= Captioned web image data =

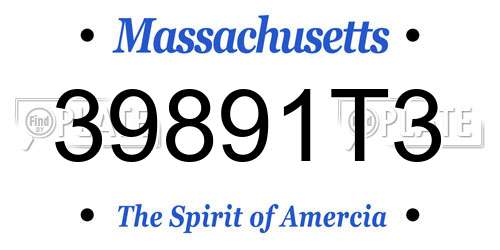 39891T3 Massachusetts License Plate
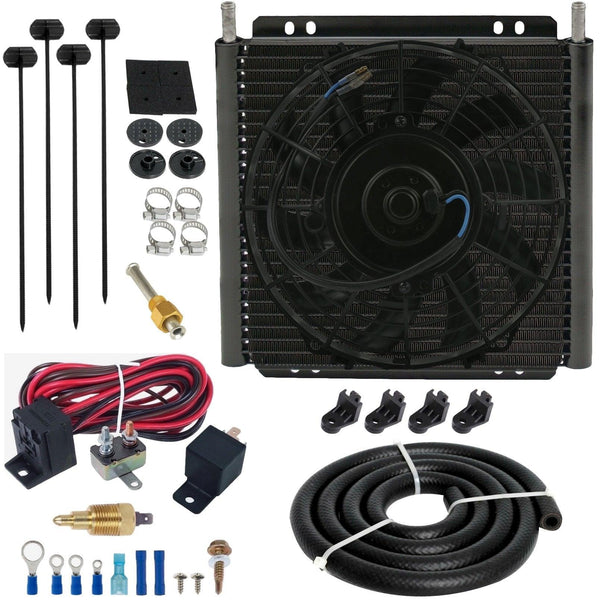 30 Row Engine Transmission Oil Cooler 9 Inch Electric Fan 12 Volt Engine Cooling Thread-In Grounding Thermostat Switch Kit - American Volt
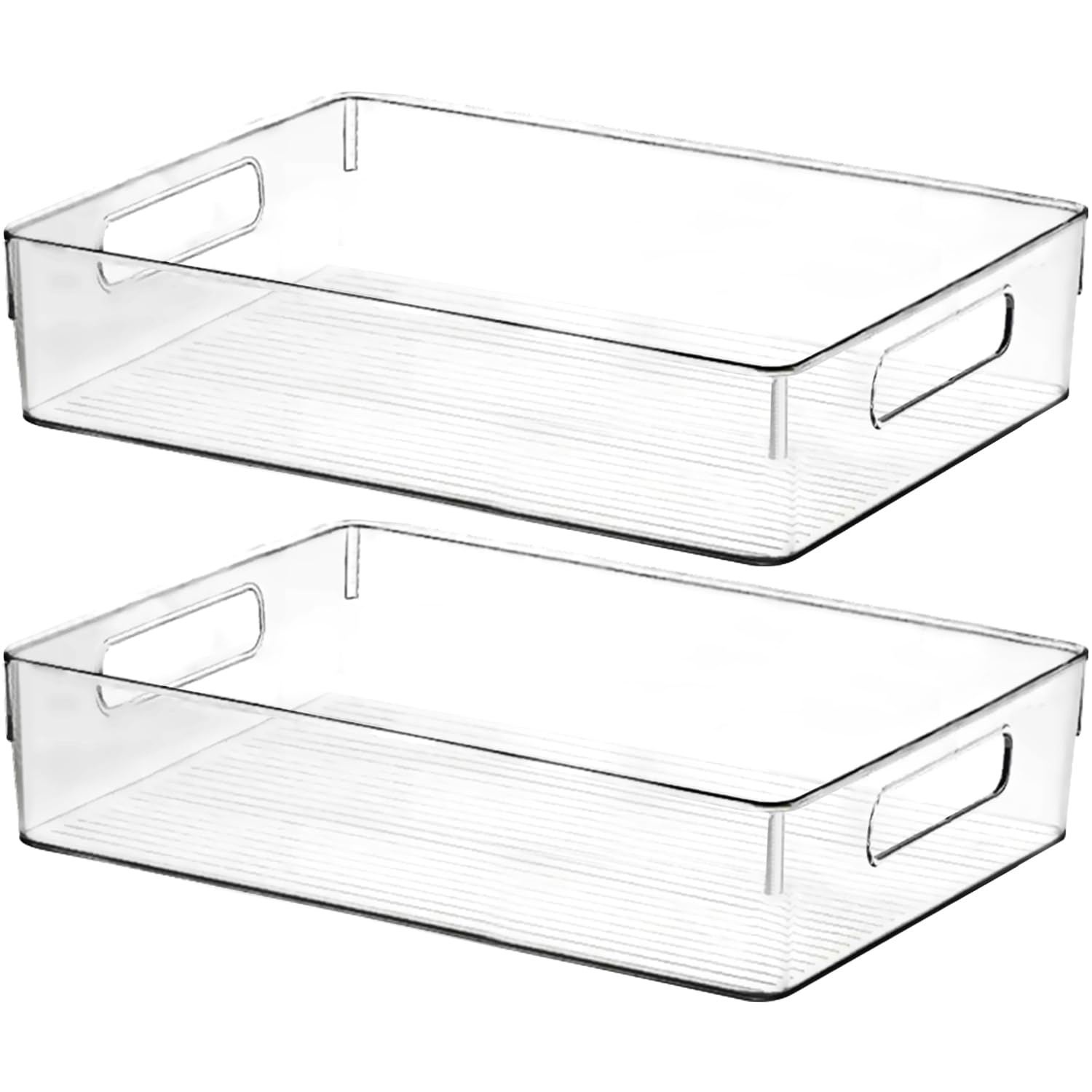 Photo 1 of Clear Plastic Storage Bins, Perfect for Kitchen Organization or Pantry Organization and Storage, Large Fridge Organizer Plastic Bins, Pantry Organization and Storage Bins, Cabinet Organizers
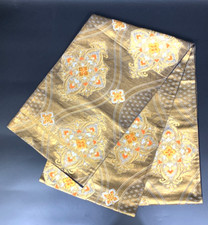 Japanese kimono Belt Fukuro Obi Gold Brocade with Floral Arabesque Pattern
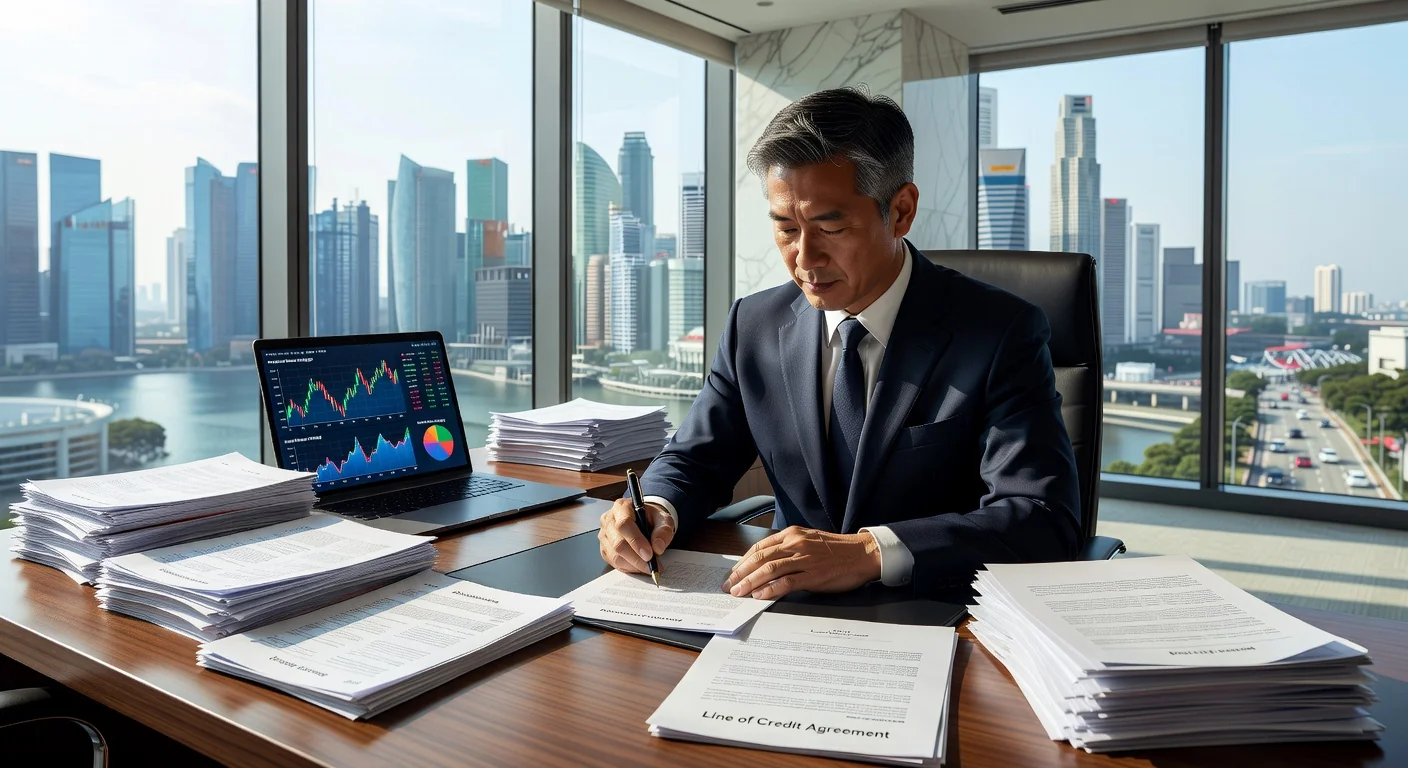 Professional signing line of credit agreement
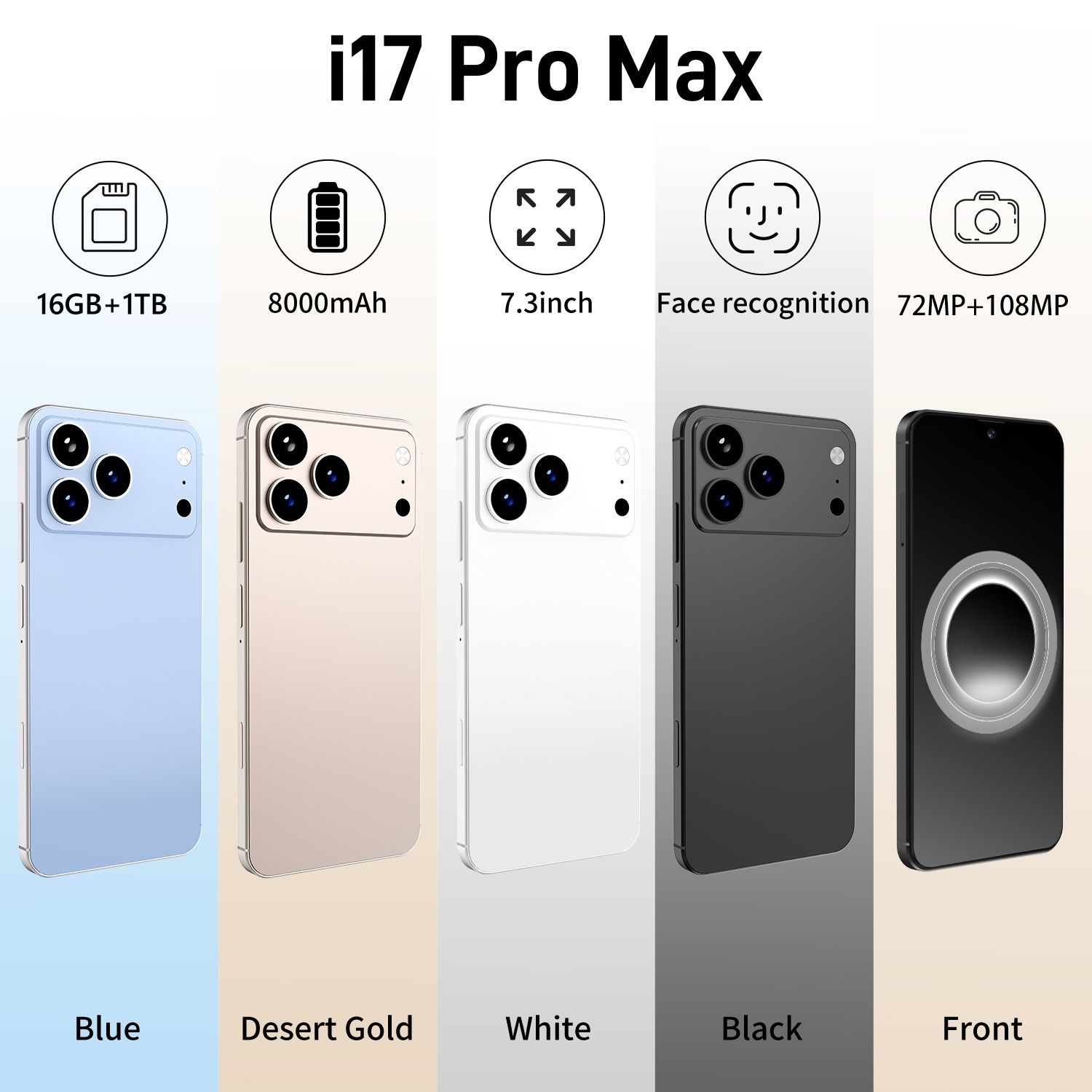 i17 promax big storage+8000mAh battery(cash on delivery+free shipping)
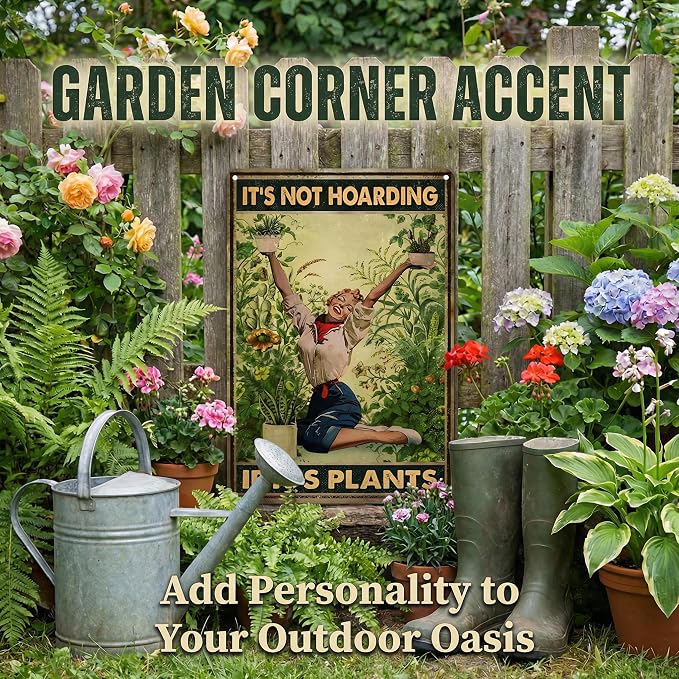 Bestylez Gardening Gifts It‘s Not Hoarding If It's Plants Vintage Garden Signs for Home Garden Greenhouse Living Room Bedroom Yard Backyard Outdoor Decor 8X12 Inch (3066)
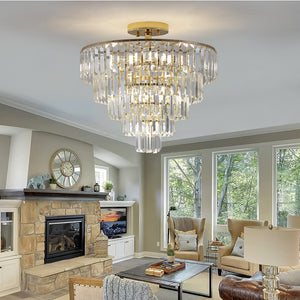 19.7" Gold Luxury Crystal Chandelier Round K9 Crystal Light Luxury Home Decor Lighting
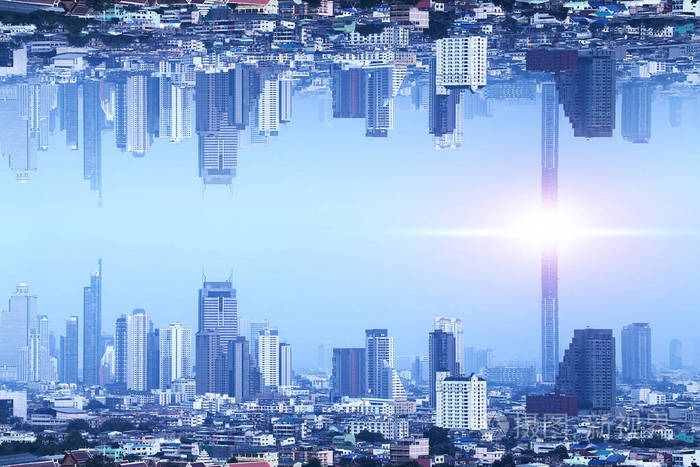 曼谷颠倒的城市在开始科幻未来幻想效果风格科幻概念城市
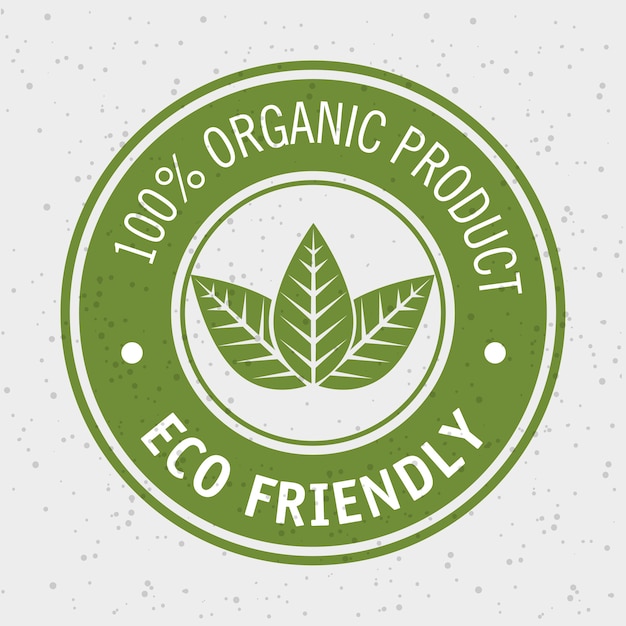 Vector 100 percent organic product eco friendly label with leaves over white background vector illustration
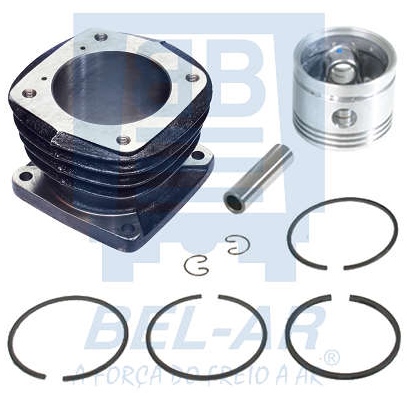 0543 | CONJUNTO COMPRESOR KNORR 75MM. LK15 150CC. - REFRIG. A AIRE BEL-AR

= Work required =
Nothing but the lines from the line containing "Photo 1 of Clear" through the end of the data, both ends included, is to be reproduced, exactly as written and without the pictures.

= Answer section =
 Photo 1 of Clear Plastic Storage Bins, Perfect for Kitchen Organization or Pantry Organization and Storage, Large Fridge Organizer Plastic Bins, Pantry Organization and Storage Bins, Cabinet Organizers
 Japanese kimono Belt Fukuro Obi Gold Brocade with Floral Arabesque Pattern
 Professional signing line of credit agreement
 i17 promax big storage+8000mAh battery(cash on delivery+free shipping)
 Bestylez Gardening Gifts It‘s Not Hoarding If It's Plants Vintage Garden Signs for Home Garden Greenhouse Living Room Bedroom Yard Backyard Outdoor Decor 8X12 Inch (3066)
 19.7" Gold Luxury Crystal Chandelier Round K9 Crystal Light Luxury Home Decor Lighting
 曼谷颠倒的城市在开始科幻未来幻想效果风格科幻概念城市
 Vector 100 percent organic product eco friendly label with leaves over white background vector illustration
 0543 | CONJUNTO COMPRESOR KNORR 75MM. LK15 150CC. - REFRIG. A AIRE BEL-AR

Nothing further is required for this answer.